As a unit, the Dukes are tied for first in the FCS with 20 interceptions and rank ninth in turnover margin (+15). While much of JMU’s attention on defense will be focused on stopping the dynamic duo of running backs Jody Webb and Tevin McCaster, Reynolds and the rest of the secondary’s play in one-on-one situations will be huge.
Keys to the game:
1.) Contain Jody Webb: Webb does everything for the Penguins as their most dangerous weapon – handling kickoffs, rushing out of the backfield and catching passes.
“He's got the ability to make a difference in the ballgame in a matter of one snap,” Houston said. “We've got to do a great job to try to keep him from getting going, whether it's running the ball or catching the ball out of the backfield or whatever. He's certainly a dynamic playmaker.”
In YSU’s semifinals win over Eastern Washington, Webb combined for 218 offensive yards. The week before against Wofford, his total was 331. Whether it’s kicking the ball away from him or stacking the box when he’s the tailback, the Dukes can’t let Webb beat them.
2.) Bryan Schor’s ability to extend plays: JMU’s quarterback Bryan Schor has a knack for keeping plays alive when facing heat in the pocket. Not only can he scramble and make something out of nothing, but that something is often for a huge gain.
Schor’s ability to roll out – sometimes improvise – and connect on deep strikes downfield was a valuable asset for the Dukes especially against the strong NDSU defensive front in the semifinals. He’ll see more of the same against a YSU unit that includes Derek Rivers (14 sacks) and Avery Moss (10).
That duo has the potential to wreak havoc against any offensive line, so when the protection breaks down, Schor must continue to make his great escapes.
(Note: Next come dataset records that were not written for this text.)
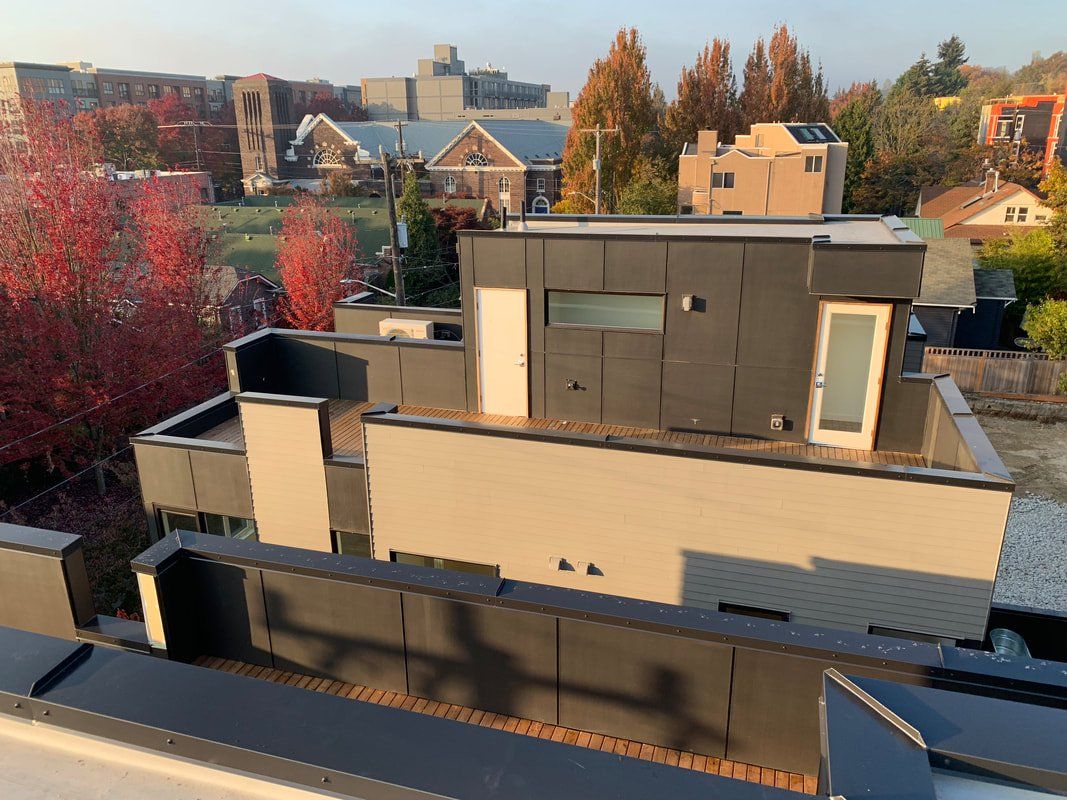 An aerial view of a house with a balcony on the roof.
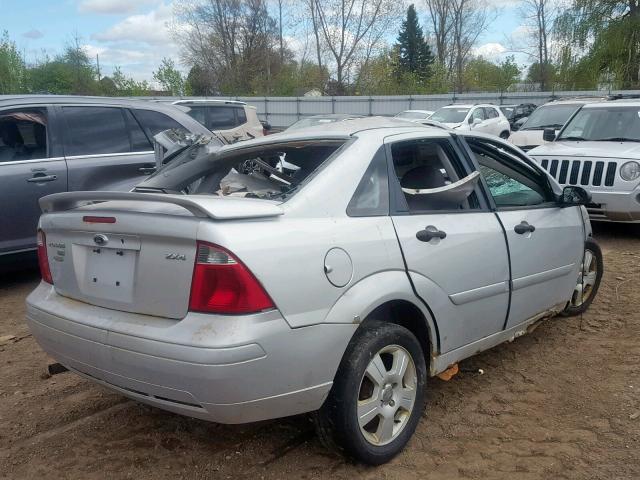 1FAFP34NX6W129274 - 2006 FORD FOCUS ZX4 SILVER photo 4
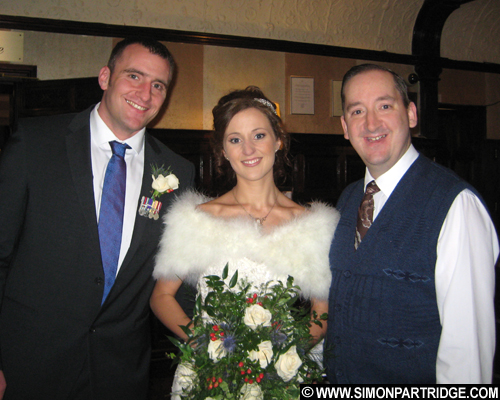 Wedding singer Simon Partridge with Tom and Rachael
3.) Win on special teams: Special teams has been a strength all season for JMU, as three different players have returned punts for touchdowns to go along with one 86-yard kickoff return score.
Rashard Davis is the biggest threat with four of those six punt return touchdowns on just 14 attempts.
"Special teams and turnovers are the most critical things in this game."— JMU Football (@JMUFootball) January 3, 2017
JMU has 6 PR for TD and is a top-10 team in turnover margin.
“Obviously they are well-schooled in that area, and so you know, we've got to be prepared to match their effort, their intensity and their level of execution,” YSU coach Bo Pelini said in his teleconference. “Because they are going to stress you.”
Although it seemed the Dukes could score at will at times this season, the Penguins will boast one of the toughest defenses they’ve seen this year. So a big return or two on special teams may go a long way in deciding the outcome.
Other stats to know: James Madison is second in the FCS in points per game with 48… JMU has converted on 51.4 percent of their third downs, good for fourth in the nation. YSU’s defense has held opponents to a respectable 33.8 percent mark… JMU only allows 1.29 sacks per game. That’ll be tested against the Penguins’ 3.13 per game… Three Dukes receivers have totaled at least 500 receiving yards this season. Davis (478) can become the fourth in a balanced corps… After missing the regular season finale against Elon, Schor has returned to post a 10:3 touchdown-to-turnover ratio this playoffs.